КОНЕЦ ОЗНАКОМИТЕЛЬНОГО ОТРЫВКА

Чем закончились переговоры, точно не известно. В грамоте, отправленной Е. Любомирскому 16 марта, было лишь сказано, что ответ на его предложения дан полковнику «словесно»[507]. Поскольку переговоры не получили продолжения, очевидно, ответ соответствовал предложениям А. Л. Ордина-Нащокина.

Следует особо отметить, что, возражая против предоставления субсидий Любомирскому, советник предостерегал царя, что в этом случае «ратные люди всшумят, что в чюжую землю казна послать, а в порубежных городех и хлебом, и денгами скудно»[508]. Эти замечания следует сопоставить с разобранными выше соображениями А. Л. Ордина-Нащокина, что решение о выплате денежной компенсации Речи Посполитой должно быть принято на земском соборе, чтобы не вызвать сопротивления со стороны общества. Эти свидетельства показывают, что в сознании русских политических деятелей этих лет сохранялось представление о том, что в стране после долгой и тяжелой войны сложилось напряженное положение, что население (не только крестьяне и горожане, но и «ратные люди») может воспротивиться новым налогам, связанным с ее продолжением.

В Москве отказались от соглашения с Любомирским, но сделанные им предложения ясно указывали на то, что в скором времени гражданская война в Речи Посполитой возобновится. О том, что Любомирский готовится к войне, поступала информация и из других источников. Так, в марте А. Л. Ордин-Нащокин сообщал пришедшие с Украины известия, что у «Любомирского с казаки ссылка есть, чтоб при нем против поляков и хана стояли»[509].

В таких условиях завершалась подготовка к мирным переговорам. Полученные в феврале инструкции не удовлетворили А. Л. Ордина-Нащокина, так как в них «на чем и на каких статьях вечному миру или перемирью в постановлении быть, не написано»[510]. Настойчивость А. Л. Ордина-Нащокина достигла определенного результата. 6 апреля царь отправил ему указания, касающиеся главного вопроса на переговорах территориального. Указания эти были краткими: «1. Киева здешнюю з заднепрскою стороною не уступать. 2. Смоленска со всеми 14 городами не уступать. 3. Полоцка и Витебска, и Диноборка не уступать». Однако, «по конечной мере», когда комиссары «похотят разъехатца», можно было бы уступить Полоцк, а затем Витебск. «А Диноборка,  указывалось в инструкциях,  конечно не уступать»[511]. Все это было близко к условиям мира, которые предлагались на переговорах в Дуровичах в 1664 г., с той лишь разницей, что тогда речь шла о заключении «вечного мира», а теперь аналогичные условия предлагались для соглашения о перемирии на длительный срок.

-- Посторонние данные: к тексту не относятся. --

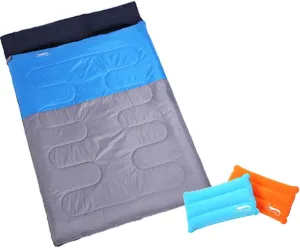 Outdoor Camping Double Sleeping Bag 2 Person Sleeping Bag with 2 Pillows for Backpacking Camping Hiking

В эти условия было внесено одно, но важное изменение. Если в более ранних документах неоднократно говорилось, что на территории Украины граница между государствами должна пройти по Днепру, то теперь А. Л. Ордин-Нащокин должен был добиваться, чтобы и Киев отошел к Русскому государству. В инструкции не было никаких пояснений, почему вопрос о Киеве оказался поставлен именно в это время. Представляется, что это было связано с опасениями того, какая будет реакция казачества на договор о разделе территории Украины между Россией и Польско-Литовским государством. Очевидно, когда возникла реальная перспектива скорого заключения мирного договора, в Москве уяснили, что при проведении границы по Днепру к Речи Посполитой отойдет Киев не только столица Древней Руси, «мать городов русских», но и важный центр Левобережного гетманства, и отдача этого города вызовет резкую реакцию левобережного казачества.